**Work instructions**
From the line containing "Dharmapuram, India City" down to the final line of the entries below, quote every line verbatim. Exclude pictures.

**Provided records**
++++++++++++++++++++
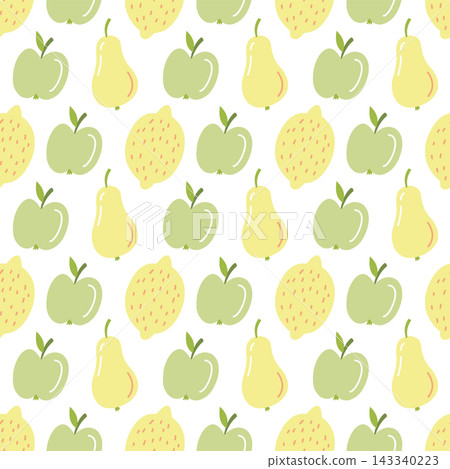 Fruit seamless pattern with hand drawn apple pear and lemon for textile design Fruit seamless pattern with hand drawn apple pear and lemon for textile design 143340223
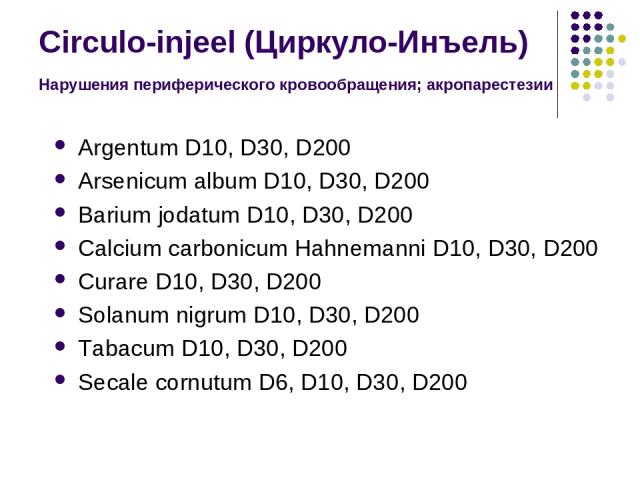 Circulo-injeel (Циркуло-Инъель) Нарушения периферического кровообращения; акропарестезии Argentum D10, D30, D200 Arsenicum album D10, D30, D200 Barium jodatum D10, D30, D200 Calcium carbonicum Hahnemanni D10, D30, D200 Curare D10, D30, D200 Solanum …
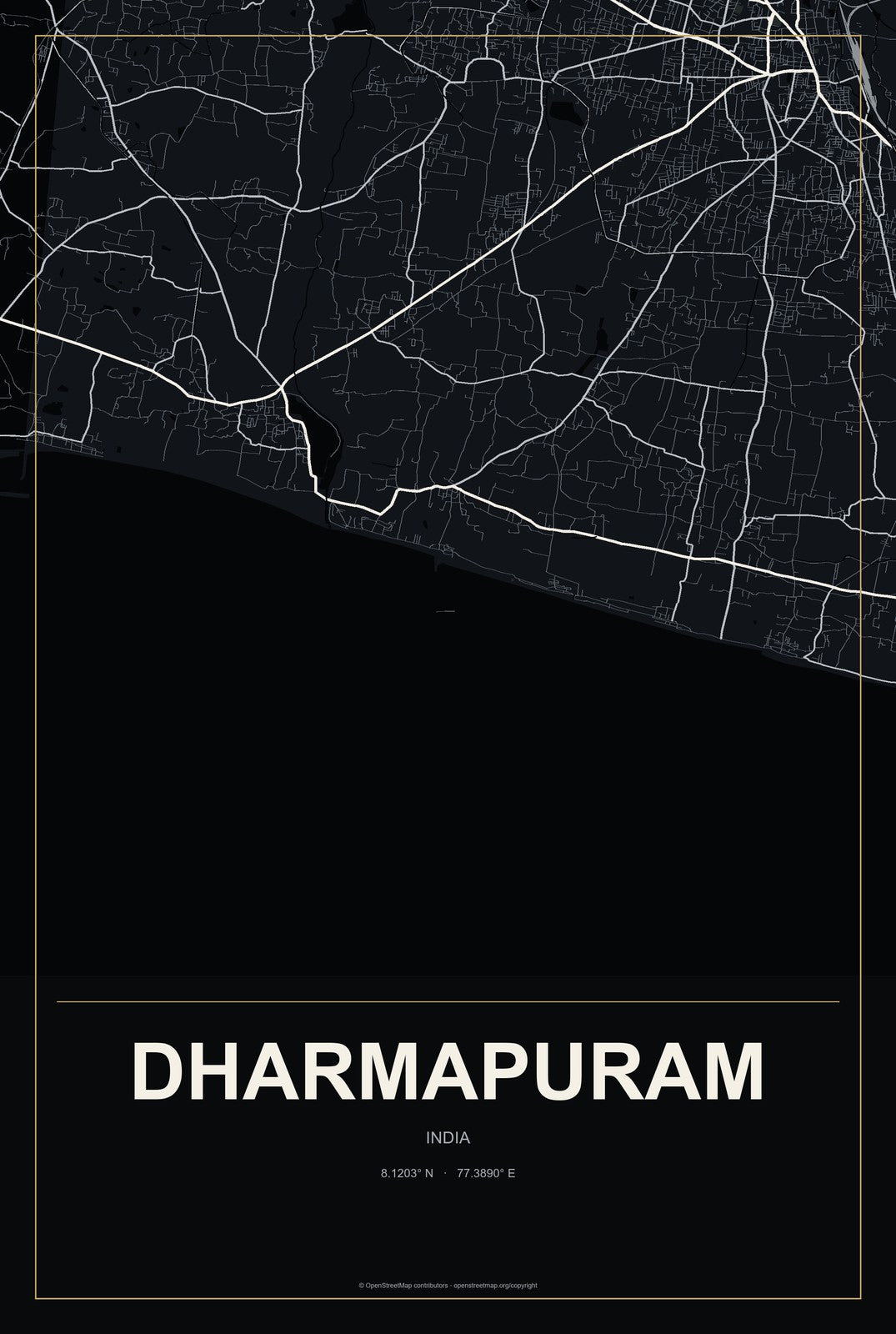 Dharmapuram, India City Map Aluminum Sign in Metropolitan Noir style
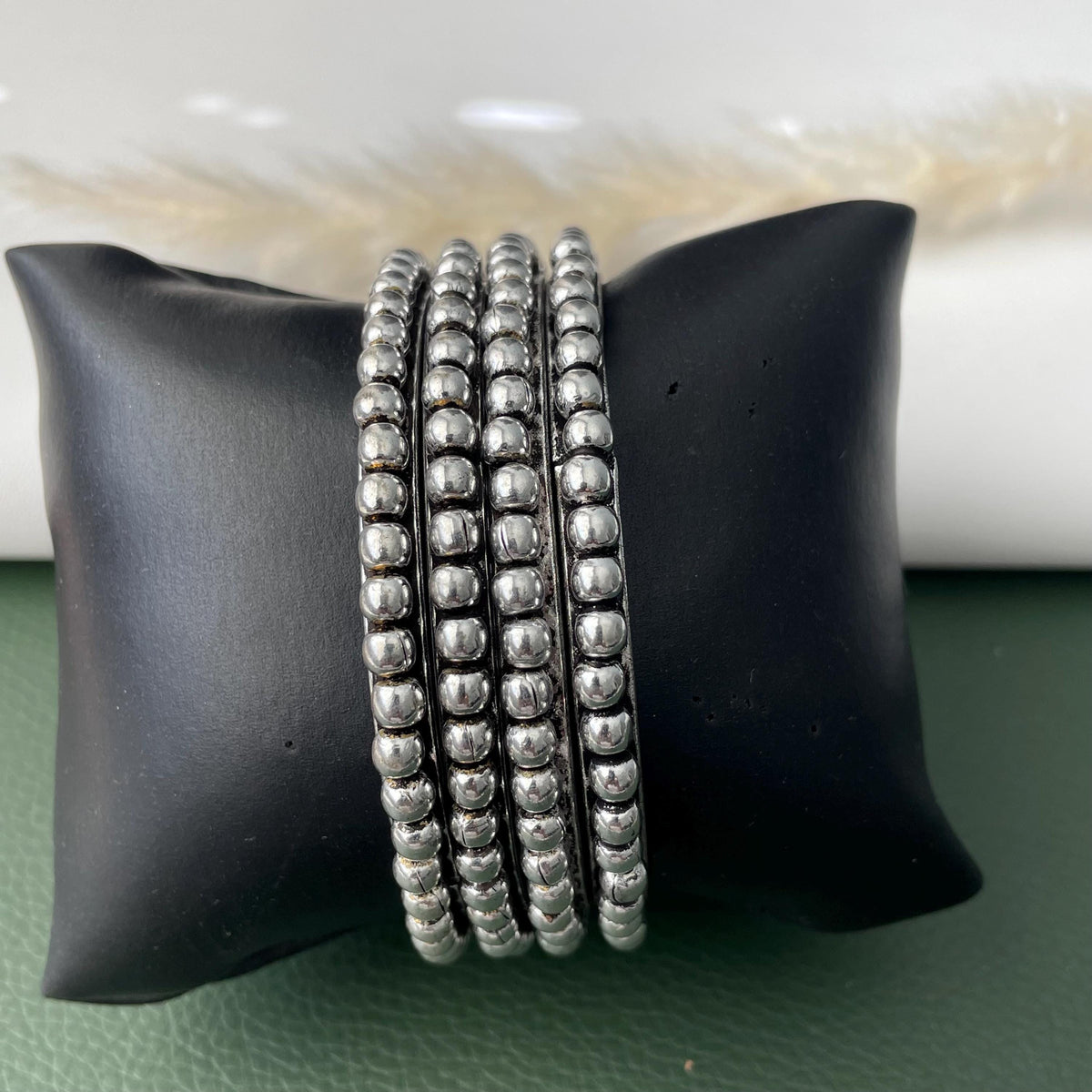 Oxidized Silver Look Bangle Set: Weighted Metal Bangles, Set of 4
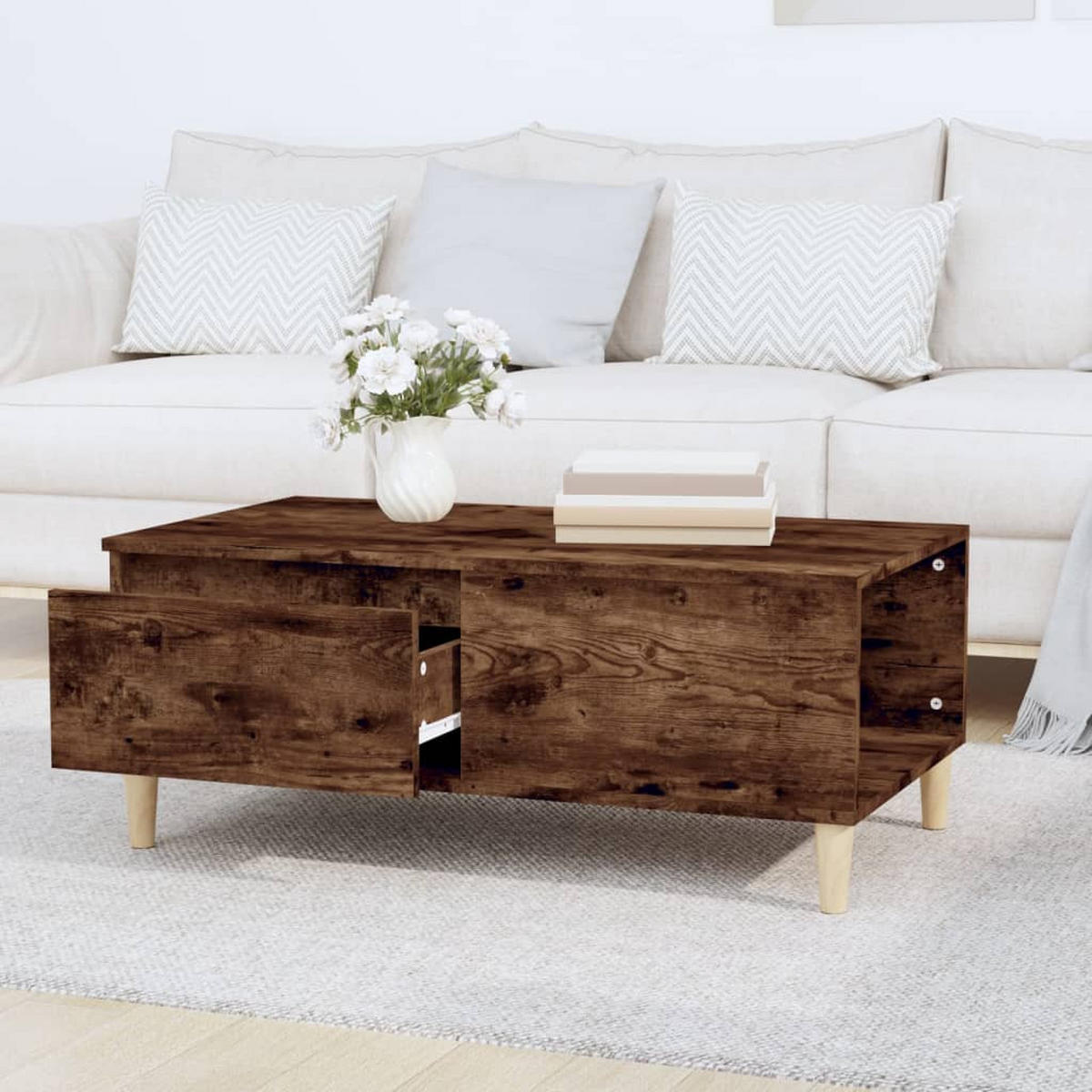COUCHTISCH Räuchereiche 90x50x36,5 cm Holzwerkstoff - Braun, Holzwerkstoff (90/50/36.5cm) - furnicato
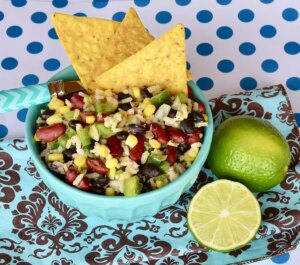 Mexican bean and rice salad
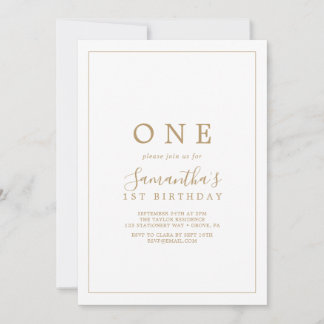 Minimalistische Gold First Birday Party Einladung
++++++++++++++++++++
**Response for this exercise**
 Dharmapuram, India City Map Aluminum Sign in Metropolitan Noir style
 Oxidized Silver Look Bangle Set: Weighted Metal Bangles, Set of 4
COUCHTISCH Räuchereiche 90x50x36,5 cm Holzwerkstoff - Braun, Holzwerkstoff (90/50/36.5cm) - furnicato
 Mexican bean and rice salad
 Minimalistische Gold First Birday Party Einladung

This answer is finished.